Pensar a metrópole em um projeto renovado de Reforma Urbana implica em suprir as lacunas abertas pela inexistência de políticas metropolitanas, pela incompatibilidade dos mecanismos e instrumentos de gestão, sejam locais ou regionais, pelos embates de poder entre esferas administrativas e sociedade.

Para isso, é urgente romper o descaso para com o Estatuto da Metrópole, que já teve revogados prazos e penas dispostas em seu conteúdo, e fazer valer seus princípios e os dispositivos qualificados que ainda restam.”

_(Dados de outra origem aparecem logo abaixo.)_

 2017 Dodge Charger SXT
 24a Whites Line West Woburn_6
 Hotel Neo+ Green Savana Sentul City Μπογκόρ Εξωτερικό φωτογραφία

Se, cada vez mais, parte considerável da população vive em metrópoles, é fundamental que sejam fortalecidos os instrumentos e meios de participação, compreensão e intervenção nessa escala. Um olhar ampliado para além do município é condição para a inovação em termos de políticas urbanas e, em especial, para que o metropolitano não se resuma a uma palavra, como que para não dizer que não falei das flores…

Rosa Moura é doutora em Geografia pela Universidade Federal do Paraná (UFPR) e pesquisadora do INCT Observatório das Metrópoles, Núcleo RM Curitiba.

Olga Lúcia Castreghini de Freitas é professora titular aposentada do Departamento de Geografia da Universidade Federal do Paraná (UFPR), pesquisadora do CNPq e do INCT Observatório das Metrópoles, Núcleo RM Curitiba.